There's also a part where Seagal and Dunoir briefly team up to infiltrate the Van Aken estate (this is the second time Seagal has done so, if I were Van Aken I'd fire my security detail). Dunoir pulls out his pistol to shoot a group of nearby guards before saying "Fuck it. I'll use the rifle" and bizarrely shooting them all with a sniper rifle at near point blank range. I couldn't understand his decision until later, when he attempted to shoot Seagal in the back, only to find that Seagal had given him an empty pistol. That's the kind of half-assed storytelling we are dealing with here.
There's a fair bit of action in this film for Direct-to-Video, lots of gunfire and explosions, but annoying editing ruins most of it. Seagal only gets into a couple of fistfights and they are laughably poor. His fight with Mr. Mimms is supposed to resemble "sticky hands" kung fu but looks more like two Soccer moms squabbling over a sale item. He has no love interest, but when he is introduced a hot French redhead (less than half his age) is dressing in his hotel room. Seagal himself is fully clothed, since by this time he'd started to bloat up with an orange tan and frizzy hair.

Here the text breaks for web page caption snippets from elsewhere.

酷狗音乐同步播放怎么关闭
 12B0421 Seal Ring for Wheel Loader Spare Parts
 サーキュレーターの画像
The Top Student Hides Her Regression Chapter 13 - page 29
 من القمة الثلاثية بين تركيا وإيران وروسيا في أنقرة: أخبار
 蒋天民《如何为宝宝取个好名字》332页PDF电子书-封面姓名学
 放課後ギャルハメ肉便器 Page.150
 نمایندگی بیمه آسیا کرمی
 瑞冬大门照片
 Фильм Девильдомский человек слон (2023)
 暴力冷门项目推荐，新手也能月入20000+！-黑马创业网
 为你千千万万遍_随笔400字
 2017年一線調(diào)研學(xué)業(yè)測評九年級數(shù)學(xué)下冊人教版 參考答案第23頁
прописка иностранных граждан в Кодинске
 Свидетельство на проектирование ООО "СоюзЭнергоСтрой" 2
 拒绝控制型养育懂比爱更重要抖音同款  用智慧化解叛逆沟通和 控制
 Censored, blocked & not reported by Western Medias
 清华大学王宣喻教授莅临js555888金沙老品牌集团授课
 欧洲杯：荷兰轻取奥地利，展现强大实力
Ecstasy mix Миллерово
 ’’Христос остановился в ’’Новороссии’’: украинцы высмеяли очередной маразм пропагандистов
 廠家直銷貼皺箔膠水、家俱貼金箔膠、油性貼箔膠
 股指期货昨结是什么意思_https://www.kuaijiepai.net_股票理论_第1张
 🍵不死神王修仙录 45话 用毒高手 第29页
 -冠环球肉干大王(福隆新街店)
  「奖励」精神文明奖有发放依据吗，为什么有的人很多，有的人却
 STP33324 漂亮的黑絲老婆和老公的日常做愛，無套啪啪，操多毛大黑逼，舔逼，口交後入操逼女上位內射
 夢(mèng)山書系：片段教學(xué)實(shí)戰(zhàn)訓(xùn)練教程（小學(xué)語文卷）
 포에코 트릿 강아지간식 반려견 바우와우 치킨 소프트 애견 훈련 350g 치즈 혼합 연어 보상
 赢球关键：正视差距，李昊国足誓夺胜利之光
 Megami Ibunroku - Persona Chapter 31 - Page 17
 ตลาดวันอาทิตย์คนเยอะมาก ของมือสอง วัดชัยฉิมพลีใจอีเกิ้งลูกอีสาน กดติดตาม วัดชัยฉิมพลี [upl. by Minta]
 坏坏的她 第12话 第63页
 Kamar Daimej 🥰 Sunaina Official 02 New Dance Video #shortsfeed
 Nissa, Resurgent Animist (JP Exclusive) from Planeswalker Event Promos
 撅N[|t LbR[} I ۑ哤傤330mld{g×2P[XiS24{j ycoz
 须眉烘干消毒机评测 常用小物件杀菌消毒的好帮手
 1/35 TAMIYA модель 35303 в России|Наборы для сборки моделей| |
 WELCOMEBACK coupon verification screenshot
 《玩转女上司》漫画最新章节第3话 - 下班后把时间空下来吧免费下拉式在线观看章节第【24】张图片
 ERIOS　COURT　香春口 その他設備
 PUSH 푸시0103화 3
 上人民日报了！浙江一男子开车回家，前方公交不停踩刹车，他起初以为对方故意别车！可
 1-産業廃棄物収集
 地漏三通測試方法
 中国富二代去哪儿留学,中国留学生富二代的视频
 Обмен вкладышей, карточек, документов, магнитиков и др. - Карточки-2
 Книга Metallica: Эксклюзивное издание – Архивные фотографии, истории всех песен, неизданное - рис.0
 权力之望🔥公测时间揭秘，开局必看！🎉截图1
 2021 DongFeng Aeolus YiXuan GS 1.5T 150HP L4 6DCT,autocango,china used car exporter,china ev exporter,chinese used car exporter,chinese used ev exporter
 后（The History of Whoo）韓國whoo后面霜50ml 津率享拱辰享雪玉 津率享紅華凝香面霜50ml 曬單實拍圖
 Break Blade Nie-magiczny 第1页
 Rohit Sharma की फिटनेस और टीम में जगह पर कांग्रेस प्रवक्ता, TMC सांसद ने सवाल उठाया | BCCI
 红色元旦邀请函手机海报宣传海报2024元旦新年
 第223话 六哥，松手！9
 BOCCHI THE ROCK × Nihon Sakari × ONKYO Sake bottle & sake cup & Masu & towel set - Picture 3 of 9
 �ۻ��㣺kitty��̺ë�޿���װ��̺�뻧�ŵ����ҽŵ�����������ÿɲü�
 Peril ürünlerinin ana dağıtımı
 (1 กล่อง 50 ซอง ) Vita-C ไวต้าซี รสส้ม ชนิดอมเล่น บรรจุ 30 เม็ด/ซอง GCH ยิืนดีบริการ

This is one of Seagal's earliest Direct-to-Video efforts and despite a poor reception it established the template for many Seagal films to follow: convoluted plots, drab cinematography, dreary locations and long Seagal-free stretches where boring side characters talk-talk-talk in secret agent cliches. Someone, somewhere must have been clamouring for the further adventures of Jonathan Cold, because he reprised the role in 2005 with Black Dawn.